Attenborough found himself two places behind Chris Packham, who sat in 2nd place. A regular on Springwatch, a vocal opposer of the abuse seen on television shows such as I’m a Celebrity Get Me out of Here!, and a staunch campaigner against the bird hunting season in Malta, Packham seems to represent a great example for the generation who will eventually step into the giant footsteps of the likes of Attenborough and list-topper Jane Goodall.
But something didn’t sit quite right for me.
In the very same issue, which contained bold statements from Sir David (he suggested that human beings are a plague on the planet), Packham is given an entire page to air the comparatively main stream and highly anti-conservationist view that zoos work well to educate the masses.
Zoos. Work well. To educate the masses?
As someone who KNOWS, first hand the damage that zoo environments inflict upon animals and the hard work that organisations such as the Born Free Foundation have to do to reverse just some of less-long lasting psychological effects these creatures are left with (and sadly most of the damage IS long-lasting and irreversible), I couldn’t believe Packham could advocate such things?!
Until I read his admission that his wife runs a zoo.
Within his own blurb, on the same list that places him as the 2nd greatest conservation hero at present, Chris is quoted as saying “The worst are those putting the ‘con’ in conservation; organisations that care more about blindfolding their members than making a real difference.”
Would that not be zoos then, Chris?
I’ve written before about the way that zoos and safari parks are unquestionably entangled with education, and how, perhaps, it’s about time that relationship is subjected to a little questioning after all; and so, I felt that rather than repeat myself, I should shed a little light on where we could be focussing our conservation efforts instead.
Did you know that there is not one sustainable shark fishery on the planet? Why does education not teach us that? I never learned it from a zoo either.
Or that we’ve lost over half Africa’s lions in last 30 years. If we carry on at this rate, the African lion will be wiped out in 35 years.
So what can we do to enhance children’s education that’s not just a trip to the zoo to understand the relative scale of an adult male lion, regardless of environment and lack of opportunity to exercise natural behaviours?
Teach the message of Racing Extinction for a start.
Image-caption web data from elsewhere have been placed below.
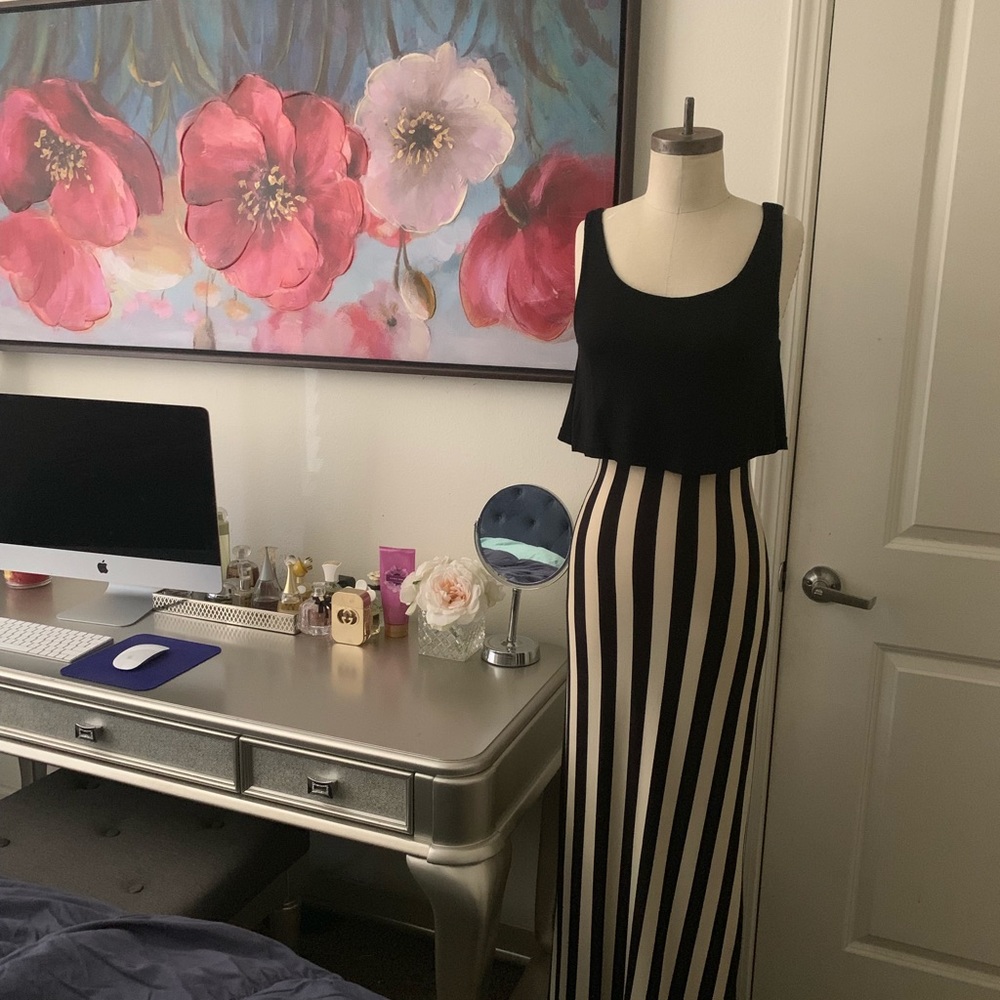 Women’s Long Maxi Dress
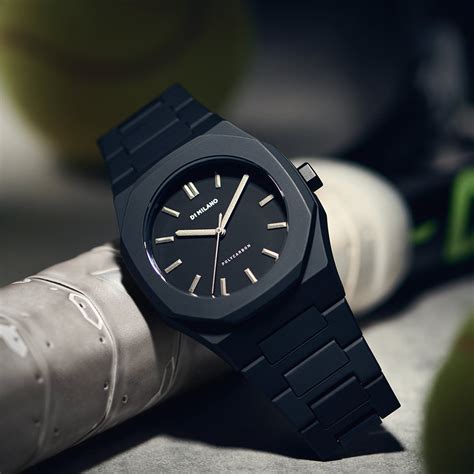 Essential ES01 | D1 Milano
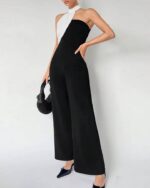 Femme jumpsuit - CombiCérémonie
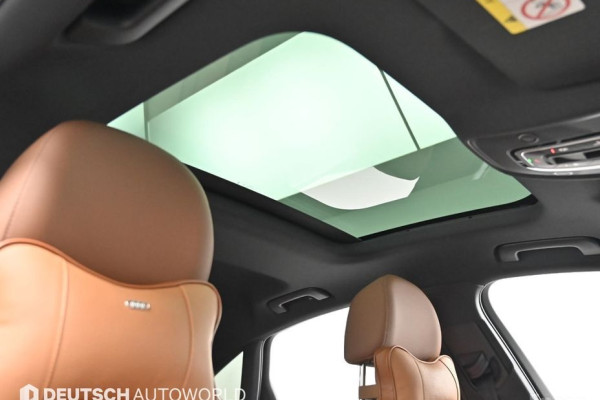 2021 Audi A6 с пробегом 58 480 км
The documentary is already making its way into classrooms up and down the country, alongside various classroom resources and teachers’ aids, and in my (independent) opinion, that’s progress.
Secondly, we could improve schoolchildren’s knowledge of the work that’s being done to counteract some of the problems being faced in the natural world.
Will Travers joined a host of special guests at the London premiere of Racing Extinction last month, and discussed his own involvement in these areas…
This is exactly the kind of thing we could do with starting a conversation on.
Will Travers is the President of Born Free Foundation, which he founded with his mother, actor Virginia McKenna and father Bill Travers 30 years ago, and so his involvement is hands on. But there is also the important fact that everyday people are tackling conservation issues in everyday ways.
Just before Christmas, I joined the final 2015 instalment of the ongoing demonstrations against Taiji Cove.
This time, over a hundred people gathered outside the Japanese Embassy for most of the day and evening of the 18th December, culminating in a Racing Extinction-style building projections, in what could be seen as a call to arms for the next protest.
I will be joining this movement on the 16th January, alongside others who feel they want to make a difference (come say hi if you find yourself there – it’s open to anyone!), because the big changes really can start with ‘the little people’.
Continuing to look ahead to January and beyond, I will be focusing my attention on studying the concept of “StableCon” (Conversation through Stabilisation), so please keep an eye out for further info on this – perhaps most excitingly, however, I have joined Born Free’s Activate team, so perhaps my writing will begin to have wider impact (one can only hope).
But before I depart to pastures new in 2016; let me leave you with this one thought – A wildlife hero of mine once told me that to make the biggest impact on the issues faced in conservation and the natural world, all we’d need to do is have a conversation. If we talked to three people, and they in turn talked to three people, and each of those three talked to three more people – we could reach the ears of the whole world with 103 conversation starters. Whatever I do in 2016, I hope to be one of those conversation starters… Who’s ready to be one of the other 102?!